● **Exercise instructions**: The answer must be a single number: how many lines in this listing hold the word "Wood".

● **Information given**:
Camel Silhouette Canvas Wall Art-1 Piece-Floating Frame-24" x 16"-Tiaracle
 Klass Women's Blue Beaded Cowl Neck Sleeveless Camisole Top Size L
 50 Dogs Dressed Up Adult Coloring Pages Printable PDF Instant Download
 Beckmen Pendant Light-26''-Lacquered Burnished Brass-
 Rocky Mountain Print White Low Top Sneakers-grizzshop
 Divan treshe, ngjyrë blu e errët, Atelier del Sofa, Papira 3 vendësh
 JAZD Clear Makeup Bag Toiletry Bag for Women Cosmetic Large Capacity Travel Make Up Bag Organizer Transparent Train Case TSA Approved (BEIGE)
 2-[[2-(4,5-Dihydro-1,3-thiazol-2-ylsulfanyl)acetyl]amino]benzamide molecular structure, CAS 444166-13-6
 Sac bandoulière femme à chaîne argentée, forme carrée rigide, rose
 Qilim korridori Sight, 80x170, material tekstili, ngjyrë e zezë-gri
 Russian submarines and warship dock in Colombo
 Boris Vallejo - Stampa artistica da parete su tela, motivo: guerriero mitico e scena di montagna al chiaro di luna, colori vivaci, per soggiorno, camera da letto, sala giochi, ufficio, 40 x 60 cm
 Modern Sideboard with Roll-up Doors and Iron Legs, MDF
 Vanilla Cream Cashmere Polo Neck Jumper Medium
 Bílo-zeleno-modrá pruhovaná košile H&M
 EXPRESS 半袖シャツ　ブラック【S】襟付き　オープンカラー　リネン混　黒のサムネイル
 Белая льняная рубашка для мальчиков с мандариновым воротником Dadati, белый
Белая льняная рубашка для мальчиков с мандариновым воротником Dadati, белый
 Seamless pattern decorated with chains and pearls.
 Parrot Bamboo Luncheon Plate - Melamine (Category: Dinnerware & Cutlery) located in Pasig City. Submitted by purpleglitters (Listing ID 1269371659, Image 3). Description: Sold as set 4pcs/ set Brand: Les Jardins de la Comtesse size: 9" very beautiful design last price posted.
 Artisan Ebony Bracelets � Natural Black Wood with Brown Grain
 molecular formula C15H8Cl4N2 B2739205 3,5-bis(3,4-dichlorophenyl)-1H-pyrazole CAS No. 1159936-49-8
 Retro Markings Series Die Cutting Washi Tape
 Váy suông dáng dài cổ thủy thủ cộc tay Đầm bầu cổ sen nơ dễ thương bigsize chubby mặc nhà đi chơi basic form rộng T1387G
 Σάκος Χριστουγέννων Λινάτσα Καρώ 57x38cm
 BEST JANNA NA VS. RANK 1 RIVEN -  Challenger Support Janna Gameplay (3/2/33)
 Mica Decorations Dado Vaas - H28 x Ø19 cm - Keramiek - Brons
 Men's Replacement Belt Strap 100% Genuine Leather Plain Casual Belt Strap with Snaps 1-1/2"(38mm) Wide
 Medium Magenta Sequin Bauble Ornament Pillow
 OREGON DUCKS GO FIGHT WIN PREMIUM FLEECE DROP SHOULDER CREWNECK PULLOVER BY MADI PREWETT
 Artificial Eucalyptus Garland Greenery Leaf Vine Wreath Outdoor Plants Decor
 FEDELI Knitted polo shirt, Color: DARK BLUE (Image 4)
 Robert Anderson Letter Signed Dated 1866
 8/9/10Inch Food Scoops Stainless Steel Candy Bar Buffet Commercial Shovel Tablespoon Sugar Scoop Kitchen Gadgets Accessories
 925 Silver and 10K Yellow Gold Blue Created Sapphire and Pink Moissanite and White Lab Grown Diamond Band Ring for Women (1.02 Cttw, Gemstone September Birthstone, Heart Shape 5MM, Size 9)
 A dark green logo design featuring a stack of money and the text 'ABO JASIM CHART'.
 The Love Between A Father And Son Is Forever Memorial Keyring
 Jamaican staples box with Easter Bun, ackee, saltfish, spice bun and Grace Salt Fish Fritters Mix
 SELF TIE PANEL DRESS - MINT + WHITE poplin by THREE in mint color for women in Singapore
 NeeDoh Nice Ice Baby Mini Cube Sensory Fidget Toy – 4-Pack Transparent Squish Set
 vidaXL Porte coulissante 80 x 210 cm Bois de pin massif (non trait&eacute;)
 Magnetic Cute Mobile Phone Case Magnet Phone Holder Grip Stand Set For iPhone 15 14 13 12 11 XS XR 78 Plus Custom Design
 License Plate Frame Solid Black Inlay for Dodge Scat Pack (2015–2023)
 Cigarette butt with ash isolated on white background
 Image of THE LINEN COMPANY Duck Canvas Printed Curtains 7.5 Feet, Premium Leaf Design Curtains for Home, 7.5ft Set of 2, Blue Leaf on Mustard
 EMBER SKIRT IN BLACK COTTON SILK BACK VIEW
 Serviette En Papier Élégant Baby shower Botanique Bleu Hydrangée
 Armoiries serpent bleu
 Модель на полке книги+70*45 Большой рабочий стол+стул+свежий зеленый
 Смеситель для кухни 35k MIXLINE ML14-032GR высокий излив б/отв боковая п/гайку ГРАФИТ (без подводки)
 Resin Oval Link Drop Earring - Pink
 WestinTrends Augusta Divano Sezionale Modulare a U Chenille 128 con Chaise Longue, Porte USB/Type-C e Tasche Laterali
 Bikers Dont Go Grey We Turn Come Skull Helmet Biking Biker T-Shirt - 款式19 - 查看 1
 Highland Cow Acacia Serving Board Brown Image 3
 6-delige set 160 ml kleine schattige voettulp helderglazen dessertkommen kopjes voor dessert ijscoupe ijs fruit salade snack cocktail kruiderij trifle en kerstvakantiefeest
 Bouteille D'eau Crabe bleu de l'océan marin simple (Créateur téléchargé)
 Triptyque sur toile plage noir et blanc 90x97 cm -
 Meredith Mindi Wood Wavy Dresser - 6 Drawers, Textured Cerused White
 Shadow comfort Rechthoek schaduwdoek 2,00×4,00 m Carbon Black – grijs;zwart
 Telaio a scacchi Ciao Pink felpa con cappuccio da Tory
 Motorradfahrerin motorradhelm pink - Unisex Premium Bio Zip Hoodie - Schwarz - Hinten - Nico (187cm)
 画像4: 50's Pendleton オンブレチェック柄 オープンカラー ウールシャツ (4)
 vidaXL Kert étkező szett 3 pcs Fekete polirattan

● **Answer to this exercise**: 2